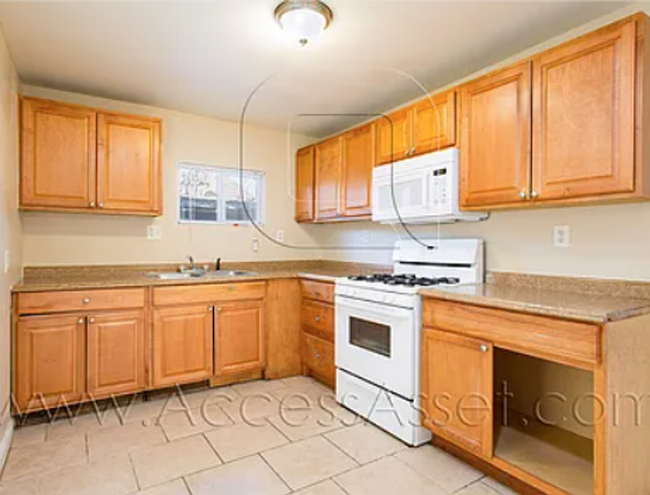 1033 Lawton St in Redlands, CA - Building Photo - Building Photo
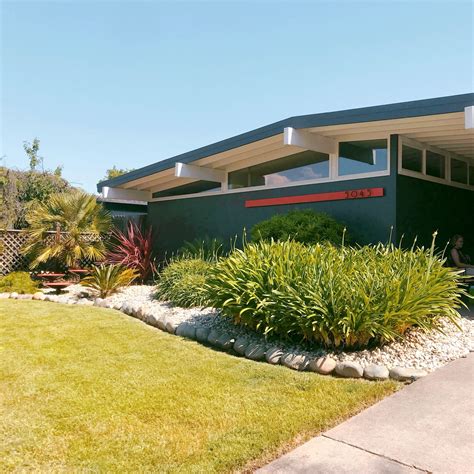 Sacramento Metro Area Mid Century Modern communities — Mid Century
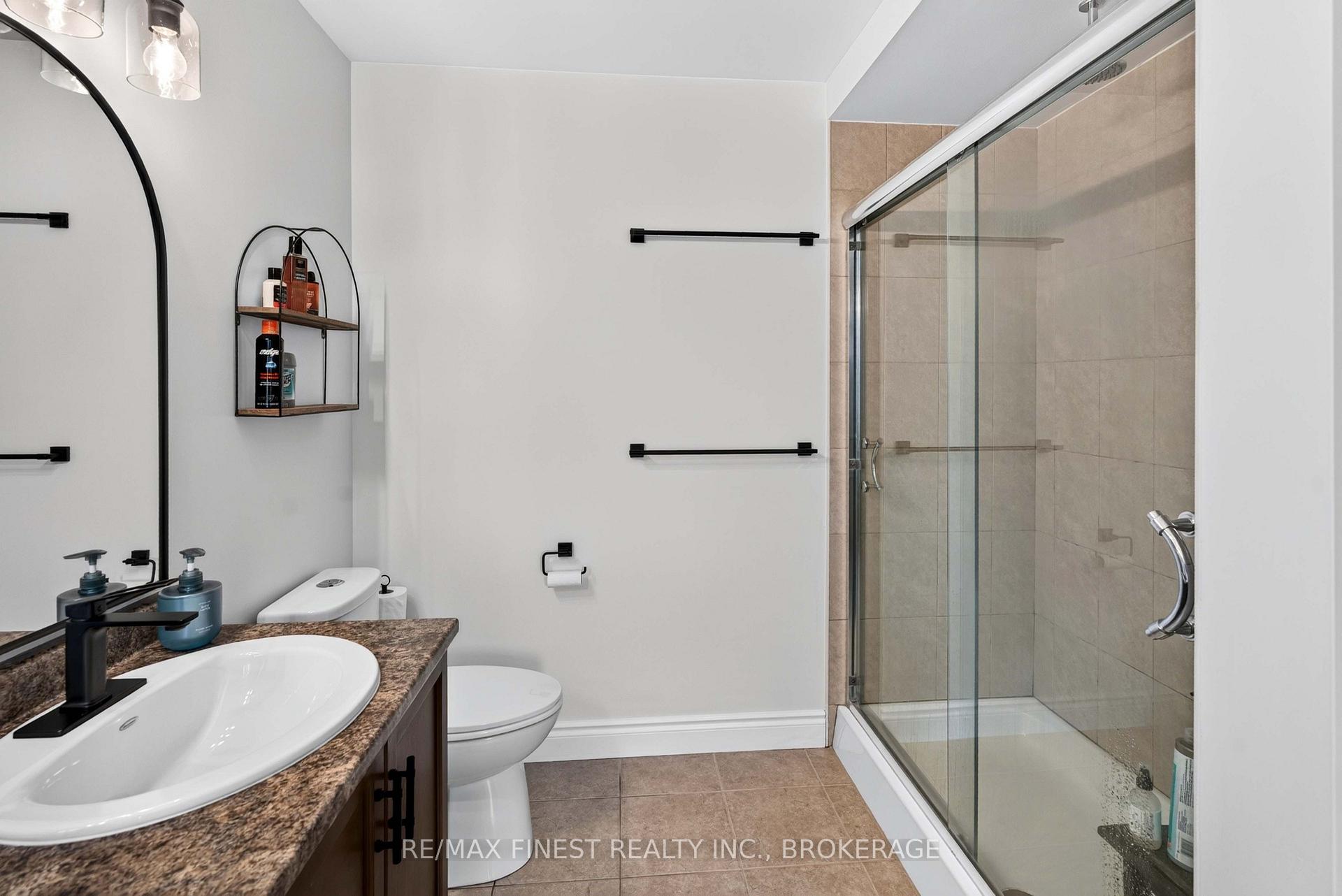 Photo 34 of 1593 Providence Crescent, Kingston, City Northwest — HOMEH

...

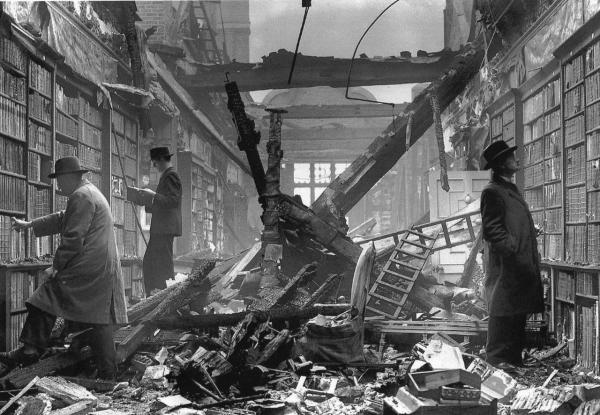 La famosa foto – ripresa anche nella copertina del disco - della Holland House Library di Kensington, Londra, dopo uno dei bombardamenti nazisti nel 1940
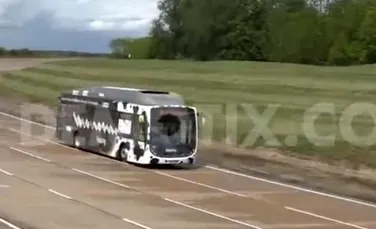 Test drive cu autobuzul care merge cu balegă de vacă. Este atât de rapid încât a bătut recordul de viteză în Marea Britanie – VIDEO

= Work to be completed =
After locating the line containing "1033 Lawton St" in the entries above, return it and every line after it exactly, ending at the line containing "Photo 34 of", without pictures.

= Result of this exercise =
 1033 Lawton St in Redlands, CA - Building Photo - Building Photo
 Sacramento Metro Area Mid Century Modern communities — Mid Century
 Photo 34 of 1593 Providence Crescent, Kingston, City Northwest — HOMEH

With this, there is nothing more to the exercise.